═════ Provided material ═════
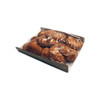 Clear polyolefin shrink film packaging baked goods on a retail food tray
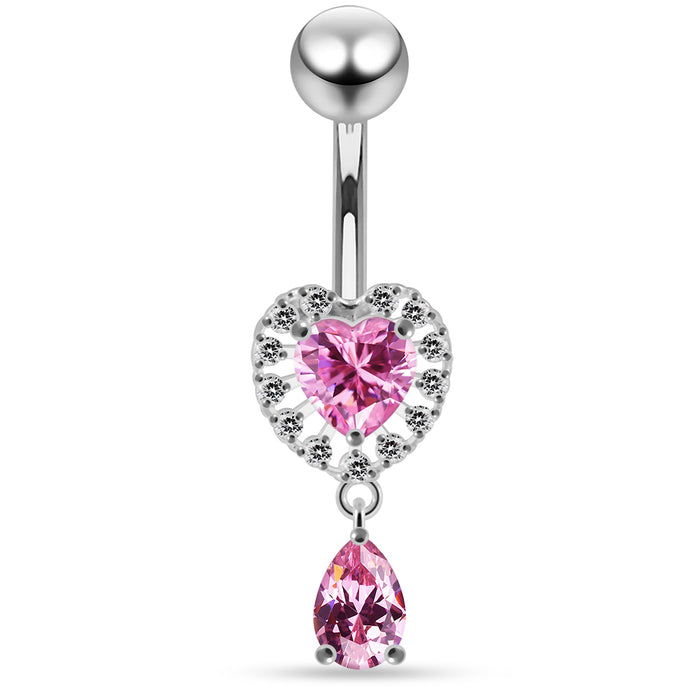 Jewelled Cute Heart Navel Belly Piercing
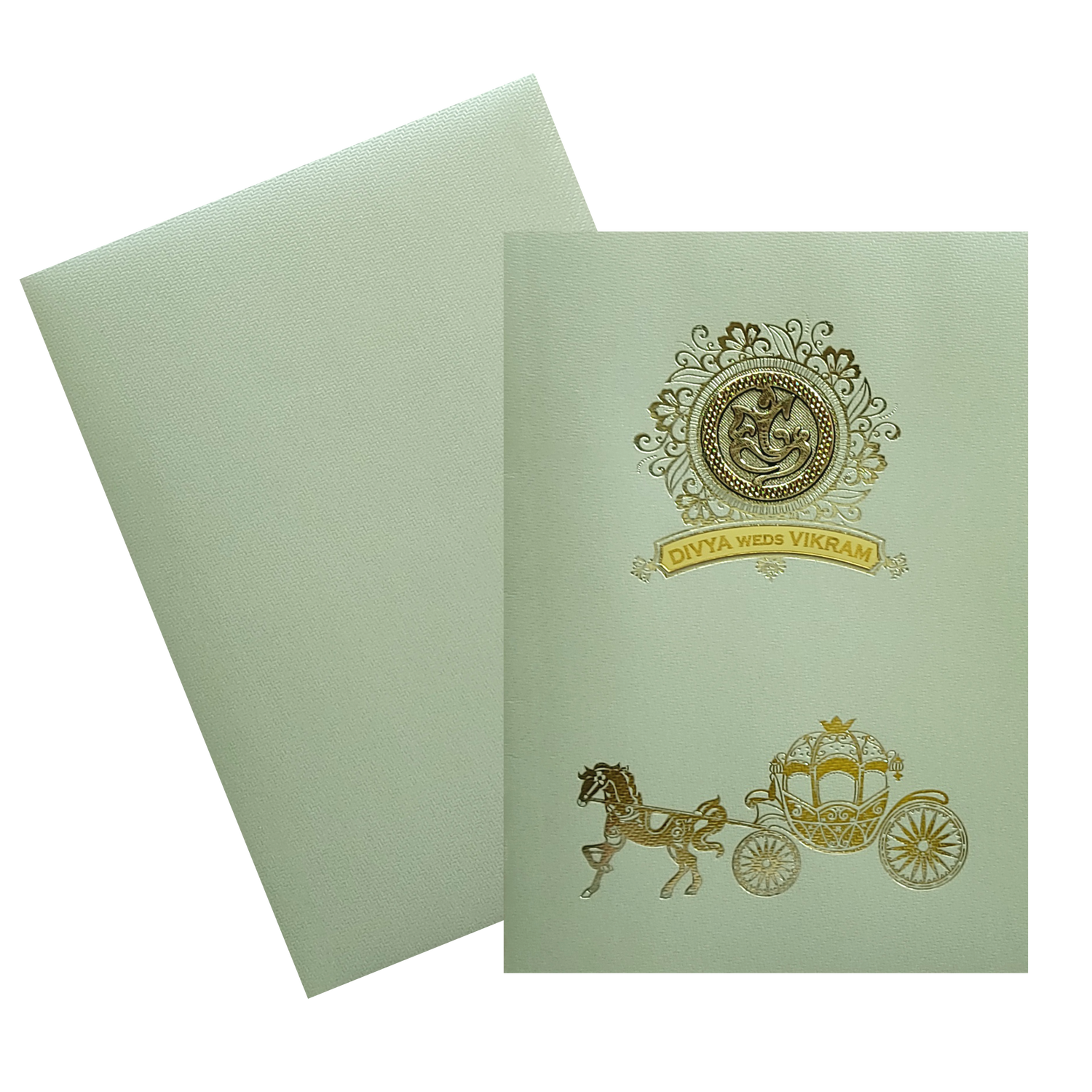 Olive Green Texture Sheet Wedding Card-KNKTGN036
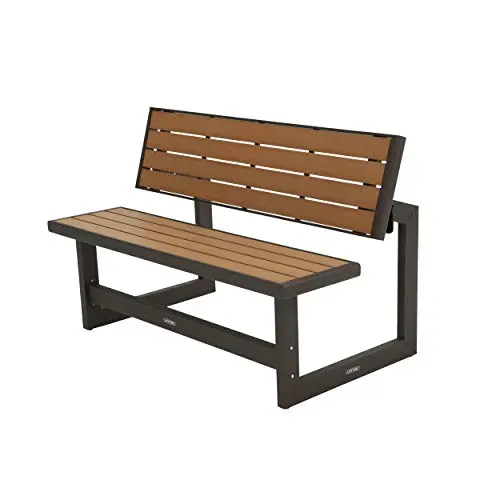 LIFETIME Gartenbank mit klappbarer Rückenlehne, umwandelbar zu Tisch, wasserabweisend, UV-Schutz, Holzfarbe
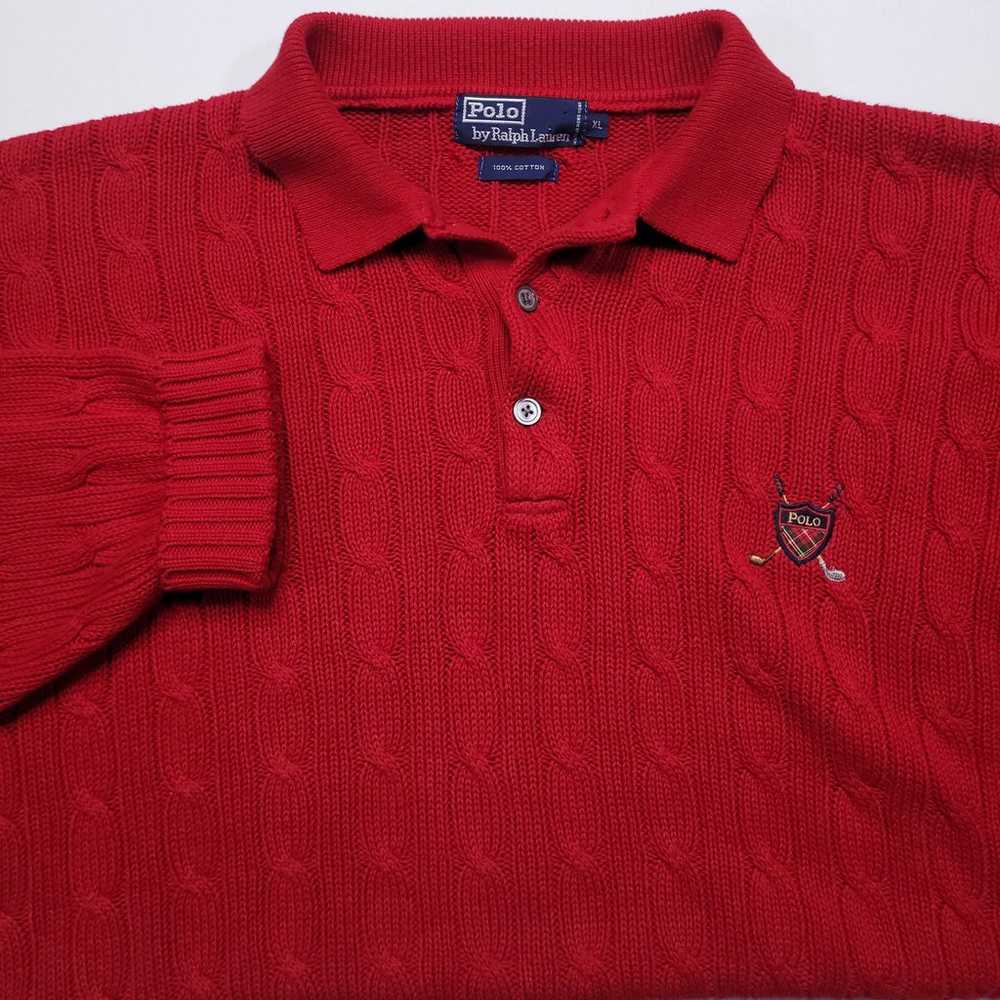 Vintage Polo Ralph Lauren Chuncky Cable Knit Golf… - image 1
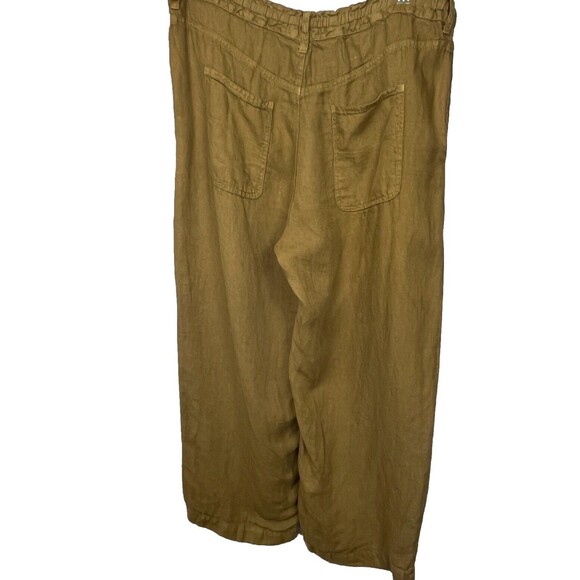 CP Shades Pants High Waist Wide Leg Capri Drawstring Brown 100% Linen Medium USA - Picture 3 of 6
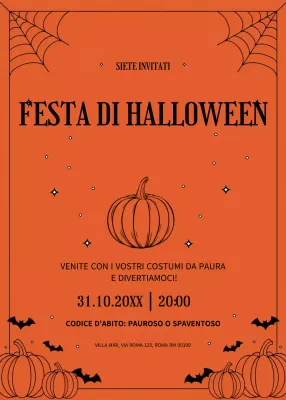 Invito alla festa di Halloween arancione e nero in stile minimal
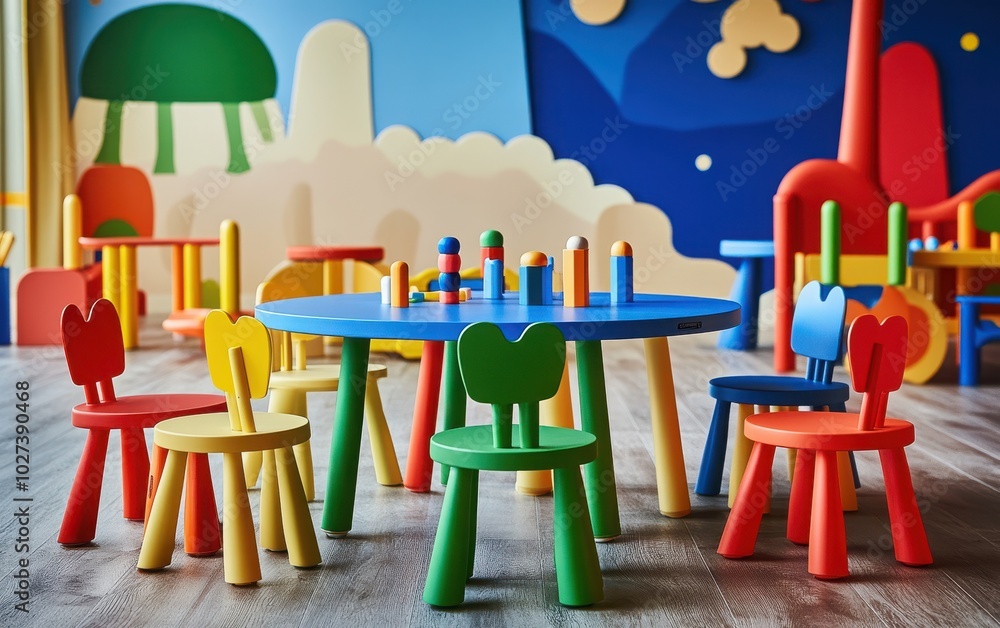 A vibrant set of adjustable baby furniture, featuring a colorful table and chairs designed for children of various ages, set against a cheerful playroom backdrop A vibrant set of adjustable baby furniture, featuring a colorful table and chairs designed for children of various ages, set against a cheerful playroom backdrop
═════
Exactly as written above, retype the lines starting at the one holding "Vintage Polo Ralph" and ending at the one holding "Invito alla festa", both included, but not the pictures.

### Response
 Vintage Polo Ralph Lauren Chuncky Cable Knit Golf… - image 1
 CP Shades Pants High Waist Wide Leg Capri Drawstring Brown 100% Linen Medium USA - Picture 3 of 6
 Invito alla festa di Halloween arancione e nero in stile minimal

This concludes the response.